Each connected component lies in a hemisphere Let $\pi : \mathbb{S}^n \to \mathbb{R}P^n$ be the canonical projection. Let $M \subset \mathbb{R}P^n$  be a hypersurface and consider $\tilde
{M} = \pi^{-1}(M)$. Is it true that if $\tilde{M}$ has two connected components then each one of them lies in oposite hemispheres?
 A: The answer is no when $n \ge 2$. To obtain a counterexample, it suffices to construct a closed connected hypersurface $H \subset \mathbb{S}^n$ with the following properties:


*

*$H$ doesn't contain any pair of antipodal points;

*$H$ is not contained in any hemisphere.


Indeed, we can then take $M = \pi(H)$. Condition 1 implies that $M$ is a hypersurface in $\mathbb{R}P^n$, and condition 2 ensures that the connected components of $\tilde{M} = H \sqcup a(H)$ cannot lie in opposite hemispheres (here $a : \mathbb{S}^n \to \mathbb{S}^n$ is the antipodal map).
I will now explain how to construct such an $H$. View $\mathbb{S}^n$ as the unit sphere in $\mathbb{R}^{n+1}$ and let $\mathbb{S}^{n-1}$ denote the "equator" $\mathbb{S}^n \cap (\mathbb{R}^{n} \times \{0\})$. Let $S_-$, $S_+$ denote the two closed hemispheres with common boundary $S_- \cap S_+ = \mathbb{S}^{n-1}$.
Fix a point $p$ in the interior of $S_+$ and choose $n + 1$ points $q_1, \dots, q_{n+1} \in \mathbb{S}^{n-1}$ such that the interior of the convex hull of $\{q_1, \dots, q_{n+1}\}$ in $\mathbb{R}^n \times \{0\}$ contains the origin.
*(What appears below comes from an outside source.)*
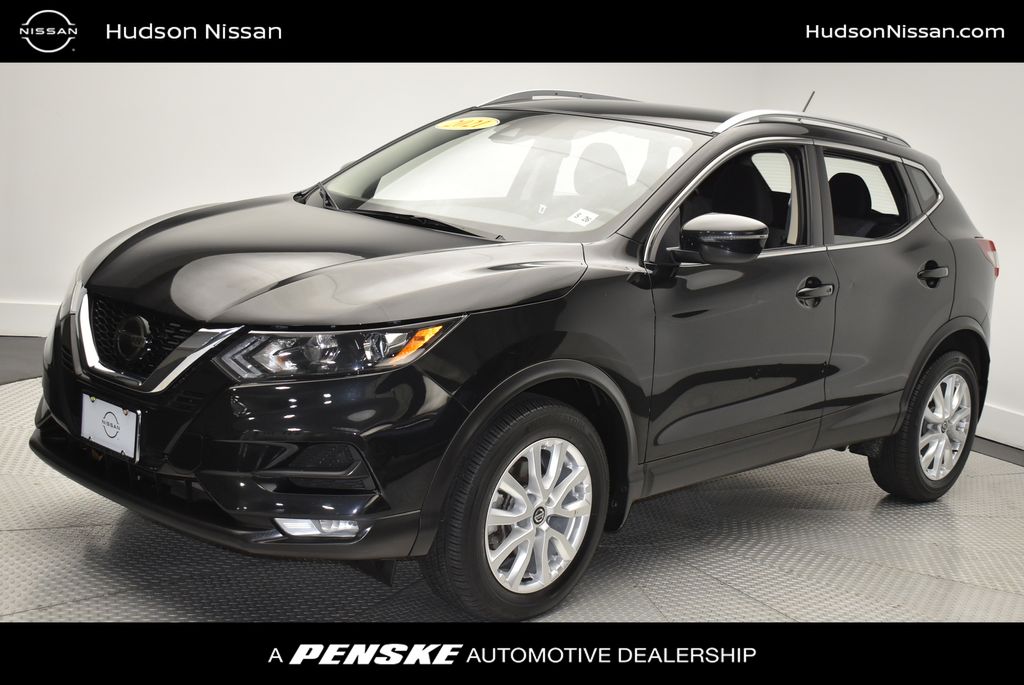 Thumbnail: 2021 Nissan Rogue Sport - 1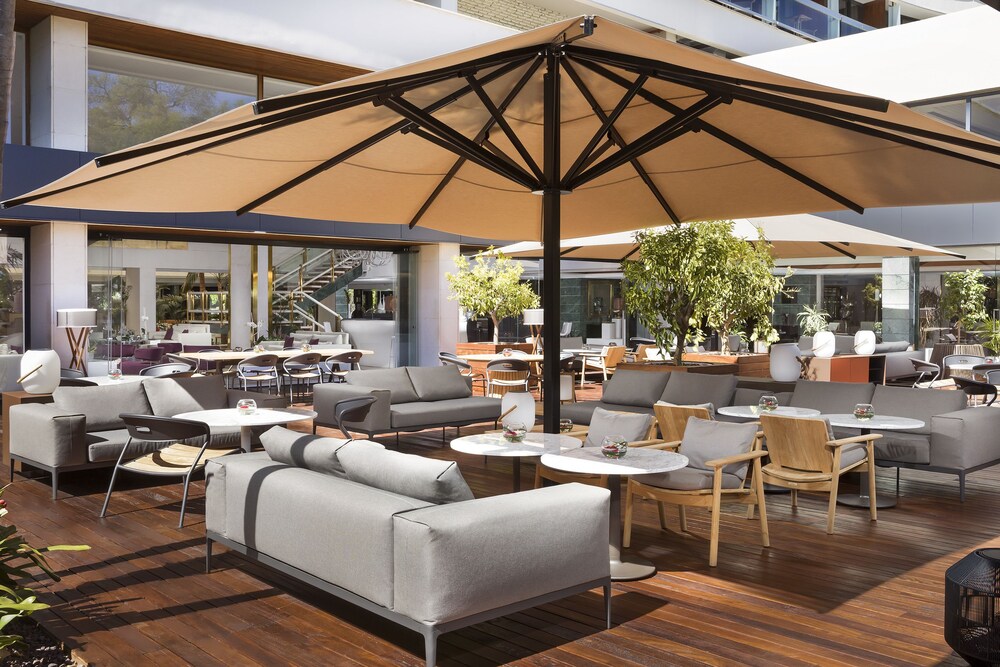Executive Lounge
The point of this condition is that it implies that $S_+$ and $S_-$ are the only hemispheres of $\mathbb{S}^n$ that contain all the $q_i$'s. It follows that $S_+$ is the only hemisphere that contains $p$ and $q_1,\dots,q_{n+1}$.
Let $T \subset S_+$ be a smoothly embedded graph with vertices $p, q_1, \dots, q_{n+1}$ and with one edge connecting $p$ to $q_i$ for each $i \in \{1,\dots,n+1\}$. We can assume without loss of generality that there is no pair of antipodal points in $\{q_1,\dots,q_{n+1}\}$ and hence that there is no such pair in $T$. Thus, any sufficiently small regular neighborhood $U \subset \mathbb{S}^n$ of $T$ will also not contain any pair of antipodal points.
Note that $U$ is a connected open subset of $\mathbb{S}^n$ (in fact it is diffeomorphic to an $n$-ball) and has nonempty intersection with $S_-$. It follows that there exists a closed connected hypersurface $H \subset U$ which contains $p,q_1,\dots,q_{n+1}$ and intersects the interior of $S_-$ nontrivially (in fact we can take $H$ to be diffeomorphic to $\mathbb{S}^{n-1}$). This concludes the proof: $H$ satisfies condition 1 because $U$ does and condition 2 by our choice of $p,q_1,\dots,q_{n+1}$.